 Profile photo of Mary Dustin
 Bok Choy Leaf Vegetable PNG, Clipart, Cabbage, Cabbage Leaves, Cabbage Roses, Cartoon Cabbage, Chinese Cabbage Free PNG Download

--

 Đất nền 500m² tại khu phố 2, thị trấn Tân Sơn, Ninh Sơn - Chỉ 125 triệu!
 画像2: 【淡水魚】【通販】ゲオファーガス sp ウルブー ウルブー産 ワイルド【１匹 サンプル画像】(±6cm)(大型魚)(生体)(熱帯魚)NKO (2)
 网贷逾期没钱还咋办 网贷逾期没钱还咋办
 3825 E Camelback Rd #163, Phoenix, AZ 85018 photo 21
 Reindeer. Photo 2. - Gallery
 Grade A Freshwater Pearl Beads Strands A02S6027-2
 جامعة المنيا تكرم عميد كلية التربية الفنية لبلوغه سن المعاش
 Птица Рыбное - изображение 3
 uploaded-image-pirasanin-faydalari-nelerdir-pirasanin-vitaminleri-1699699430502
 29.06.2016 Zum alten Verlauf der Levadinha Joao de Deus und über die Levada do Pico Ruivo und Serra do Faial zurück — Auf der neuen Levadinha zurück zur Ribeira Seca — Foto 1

---

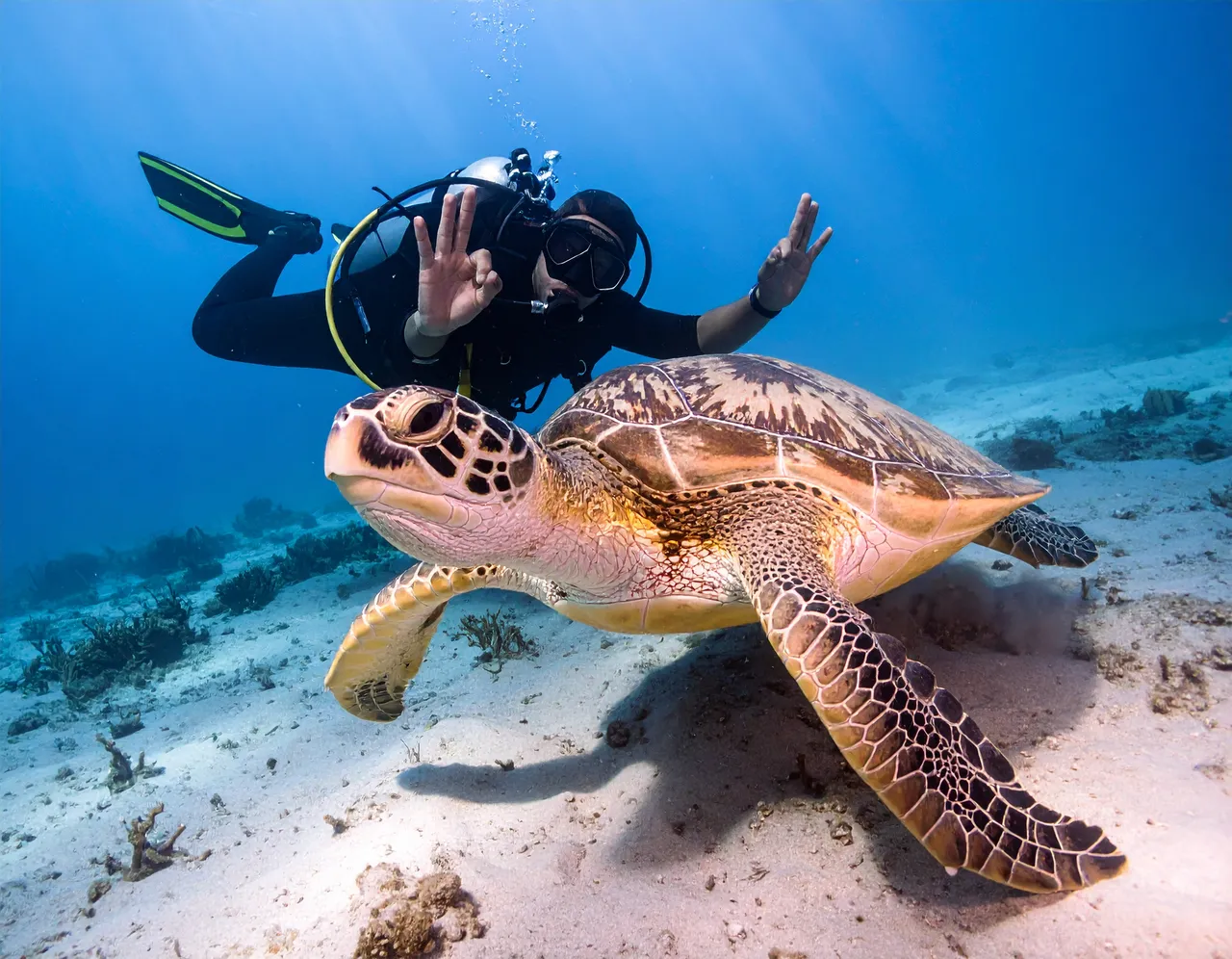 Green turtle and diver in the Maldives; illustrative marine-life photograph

TASK BRIEF → Look above for the line holding "3825 E Camelback" and the line holding "29.06.2016 Zum alten". Retype both, and every line between them, word for word and nothing else.

FINISHED TASK →
 3825 E Camelback Rd #163, Phoenix, AZ 85018 photo 21
 Reindeer. Photo 2. - Gallery
 Grade A Freshwater Pearl Beads Strands A02S6027-2
 جامعة المنيا تكرم عميد كلية التربية الفنية لبلوغه سن المعاش
 Птица Рыбное - изображение 3
 uploaded-image-pirasanin-faydalari-nelerdir-pirasanin-vitaminleri-1699699430502
 29.06.2016 Zum alten Verlauf der Levadinha Joao de Deus und über die Levada do Pico Ruivo und Serra do Faial zurück — Auf der neuen Levadinha zurück zur Ribeira Seca — Foto 1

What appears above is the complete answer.